__Activity__.
Everything from the first line of the entries below through the line holding "ALSR de Cognac" must be printed exactly as written.

__Supplied records__.
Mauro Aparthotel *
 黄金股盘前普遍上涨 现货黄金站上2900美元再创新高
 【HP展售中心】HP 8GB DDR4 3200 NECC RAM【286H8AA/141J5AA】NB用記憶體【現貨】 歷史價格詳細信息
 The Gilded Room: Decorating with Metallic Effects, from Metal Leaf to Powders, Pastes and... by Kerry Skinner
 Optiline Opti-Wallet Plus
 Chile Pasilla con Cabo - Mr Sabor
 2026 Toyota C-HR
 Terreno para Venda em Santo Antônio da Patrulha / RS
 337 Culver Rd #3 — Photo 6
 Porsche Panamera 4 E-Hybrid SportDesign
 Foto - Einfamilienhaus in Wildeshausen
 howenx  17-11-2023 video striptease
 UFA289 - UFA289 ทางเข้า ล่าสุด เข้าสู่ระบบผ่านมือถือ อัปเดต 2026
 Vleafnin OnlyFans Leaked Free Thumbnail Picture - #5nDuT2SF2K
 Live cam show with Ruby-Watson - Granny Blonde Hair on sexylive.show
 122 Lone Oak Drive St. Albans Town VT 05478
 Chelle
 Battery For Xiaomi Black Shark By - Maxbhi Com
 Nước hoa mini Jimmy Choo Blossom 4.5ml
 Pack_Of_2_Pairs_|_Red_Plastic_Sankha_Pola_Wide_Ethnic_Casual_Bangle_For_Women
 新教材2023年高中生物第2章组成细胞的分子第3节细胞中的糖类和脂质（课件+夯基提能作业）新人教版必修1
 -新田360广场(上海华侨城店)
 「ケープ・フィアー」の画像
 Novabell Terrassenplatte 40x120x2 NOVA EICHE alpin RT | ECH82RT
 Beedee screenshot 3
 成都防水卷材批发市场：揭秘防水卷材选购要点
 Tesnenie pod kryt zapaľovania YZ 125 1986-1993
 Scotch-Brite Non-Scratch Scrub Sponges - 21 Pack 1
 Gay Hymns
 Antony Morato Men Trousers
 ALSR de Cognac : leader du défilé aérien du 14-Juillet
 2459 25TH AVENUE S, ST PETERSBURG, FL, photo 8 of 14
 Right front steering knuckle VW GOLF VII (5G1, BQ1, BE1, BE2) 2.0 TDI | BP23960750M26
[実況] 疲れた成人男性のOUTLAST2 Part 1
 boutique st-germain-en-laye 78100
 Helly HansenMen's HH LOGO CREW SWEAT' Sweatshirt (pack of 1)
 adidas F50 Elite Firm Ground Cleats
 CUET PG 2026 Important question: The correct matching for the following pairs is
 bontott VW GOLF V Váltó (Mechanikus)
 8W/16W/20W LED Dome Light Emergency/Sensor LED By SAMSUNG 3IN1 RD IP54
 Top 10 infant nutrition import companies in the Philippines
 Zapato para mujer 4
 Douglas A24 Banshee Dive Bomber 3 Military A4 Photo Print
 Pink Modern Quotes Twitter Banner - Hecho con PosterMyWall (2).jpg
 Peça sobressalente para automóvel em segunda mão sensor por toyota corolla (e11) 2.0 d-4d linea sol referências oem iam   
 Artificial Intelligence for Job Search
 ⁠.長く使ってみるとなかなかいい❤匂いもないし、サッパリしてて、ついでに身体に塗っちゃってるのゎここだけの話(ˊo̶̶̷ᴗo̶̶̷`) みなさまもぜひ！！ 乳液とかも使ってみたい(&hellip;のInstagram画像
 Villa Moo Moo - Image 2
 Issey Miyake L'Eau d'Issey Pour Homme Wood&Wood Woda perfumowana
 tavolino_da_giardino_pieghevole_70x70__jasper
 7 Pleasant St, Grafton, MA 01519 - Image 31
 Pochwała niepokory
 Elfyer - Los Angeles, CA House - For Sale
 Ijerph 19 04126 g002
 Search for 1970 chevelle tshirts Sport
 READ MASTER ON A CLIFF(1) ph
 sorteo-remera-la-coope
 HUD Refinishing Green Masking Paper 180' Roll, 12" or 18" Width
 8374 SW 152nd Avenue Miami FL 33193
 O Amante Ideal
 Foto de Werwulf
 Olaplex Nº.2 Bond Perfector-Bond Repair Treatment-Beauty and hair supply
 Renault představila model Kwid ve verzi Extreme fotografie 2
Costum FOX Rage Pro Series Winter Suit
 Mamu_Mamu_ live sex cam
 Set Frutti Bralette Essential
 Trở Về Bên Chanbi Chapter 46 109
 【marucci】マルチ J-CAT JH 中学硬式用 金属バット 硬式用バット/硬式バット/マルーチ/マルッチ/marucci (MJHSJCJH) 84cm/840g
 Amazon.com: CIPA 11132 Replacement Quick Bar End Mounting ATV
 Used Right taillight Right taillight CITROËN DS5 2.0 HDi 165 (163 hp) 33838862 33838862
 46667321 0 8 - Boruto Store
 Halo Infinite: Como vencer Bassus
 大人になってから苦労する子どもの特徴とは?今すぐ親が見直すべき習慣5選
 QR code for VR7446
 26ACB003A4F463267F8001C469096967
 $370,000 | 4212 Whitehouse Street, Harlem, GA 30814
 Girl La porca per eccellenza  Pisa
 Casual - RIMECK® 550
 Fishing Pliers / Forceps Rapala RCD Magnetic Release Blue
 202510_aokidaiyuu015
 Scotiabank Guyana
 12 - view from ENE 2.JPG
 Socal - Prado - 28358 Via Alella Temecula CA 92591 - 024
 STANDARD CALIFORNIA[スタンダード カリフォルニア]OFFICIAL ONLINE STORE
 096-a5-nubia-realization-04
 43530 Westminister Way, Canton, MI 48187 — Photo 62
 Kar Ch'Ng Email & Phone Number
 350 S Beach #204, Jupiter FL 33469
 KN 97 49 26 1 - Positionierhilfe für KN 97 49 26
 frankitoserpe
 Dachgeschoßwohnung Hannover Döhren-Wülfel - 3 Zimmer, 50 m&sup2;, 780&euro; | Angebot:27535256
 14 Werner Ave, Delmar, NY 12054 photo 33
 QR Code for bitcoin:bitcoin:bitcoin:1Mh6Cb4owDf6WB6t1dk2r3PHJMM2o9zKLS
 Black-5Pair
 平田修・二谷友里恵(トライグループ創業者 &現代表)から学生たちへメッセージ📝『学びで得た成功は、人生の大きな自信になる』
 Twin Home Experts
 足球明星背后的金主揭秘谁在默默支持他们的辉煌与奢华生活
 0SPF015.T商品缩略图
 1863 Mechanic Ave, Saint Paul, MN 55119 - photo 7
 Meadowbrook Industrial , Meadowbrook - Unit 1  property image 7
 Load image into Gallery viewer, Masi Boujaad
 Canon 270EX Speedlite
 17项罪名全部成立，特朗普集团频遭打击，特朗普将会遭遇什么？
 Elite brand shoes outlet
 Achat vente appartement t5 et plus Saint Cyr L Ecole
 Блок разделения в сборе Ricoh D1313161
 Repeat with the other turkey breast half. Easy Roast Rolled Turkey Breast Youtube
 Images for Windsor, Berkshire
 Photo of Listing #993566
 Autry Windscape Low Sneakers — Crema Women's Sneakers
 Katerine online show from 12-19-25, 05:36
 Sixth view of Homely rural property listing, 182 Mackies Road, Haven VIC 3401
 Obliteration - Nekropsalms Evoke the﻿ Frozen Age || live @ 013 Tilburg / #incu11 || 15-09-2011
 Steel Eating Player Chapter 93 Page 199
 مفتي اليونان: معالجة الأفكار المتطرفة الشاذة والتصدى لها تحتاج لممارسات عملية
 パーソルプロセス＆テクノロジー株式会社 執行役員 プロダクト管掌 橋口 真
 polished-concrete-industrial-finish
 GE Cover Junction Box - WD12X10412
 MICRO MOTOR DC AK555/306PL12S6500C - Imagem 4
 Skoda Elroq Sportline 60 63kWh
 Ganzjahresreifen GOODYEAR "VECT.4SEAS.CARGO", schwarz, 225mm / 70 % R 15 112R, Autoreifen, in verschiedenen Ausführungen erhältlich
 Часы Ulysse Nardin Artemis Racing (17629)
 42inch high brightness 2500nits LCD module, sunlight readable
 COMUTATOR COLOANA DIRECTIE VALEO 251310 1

__The answer__.
Mauro Aparthotel *
 黄金股盘前普遍上涨 现货黄金站上2900美元再创新高
 【HP展售中心】HP 8GB DDR4 3200 NECC RAM【286H8AA/141J5AA】NB用記憶體【現貨】 歷史價格詳細信息
 The Gilded Room: Decorating with Metallic Effects, from Metal Leaf to Powders, Pastes and... by Kerry Skinner
 Optiline Opti-Wallet Plus
 Chile Pasilla con Cabo - Mr Sabor
 2026 Toyota C-HR
 Terreno para Venda em Santo Antônio da Patrulha / RS
 337 Culver Rd #3 — Photo 6
 Porsche Panamera 4 E-Hybrid SportDesign
 Foto - Einfamilienhaus in Wildeshausen
 howenx  17-11-2023 video striptease
 UFA289 - UFA289 ทางเข้า ล่าสุด เข้าสู่ระบบผ่านมือถือ อัปเดต 2026
 Vleafnin OnlyFans Leaked Free Thumbnail Picture - #5nDuT2SF2K
 Live cam show with Ruby-Watson - Granny Blonde Hair on sexylive.show
 122 Lone Oak Drive St. Albans Town VT 05478
 Chelle
 Battery For Xiaomi Black Shark By - Maxbhi Com
 Nước hoa mini Jimmy Choo Blossom 4.5ml
 Pack_Of_2_Pairs_|_Red_Plastic_Sankha_Pola_Wide_Ethnic_Casual_Bangle_For_Women
 新教材2023年高中生物第2章组成细胞的分子第3节细胞中的糖类和脂质（课件+夯基提能作业）新人教版必修1
 -新田360广场(上海华侨城店)
 「ケープ・フィアー」の画像
 Novabell Terrassenplatte 40x120x2 NOVA EICHE alpin RT | ECH82RT
 Beedee screenshot 3
 成都防水卷材批发市场：揭秘防水卷材选购要点
 Tesnenie pod kryt zapaľovania YZ 125 1986-1993
 Scotch-Brite Non-Scratch Scrub Sponges - 21 Pack 1
 Gay Hymns
 Antony Morato Men Trousers
 ALSR de Cognac : leader du défilé aérien du 14-Juillet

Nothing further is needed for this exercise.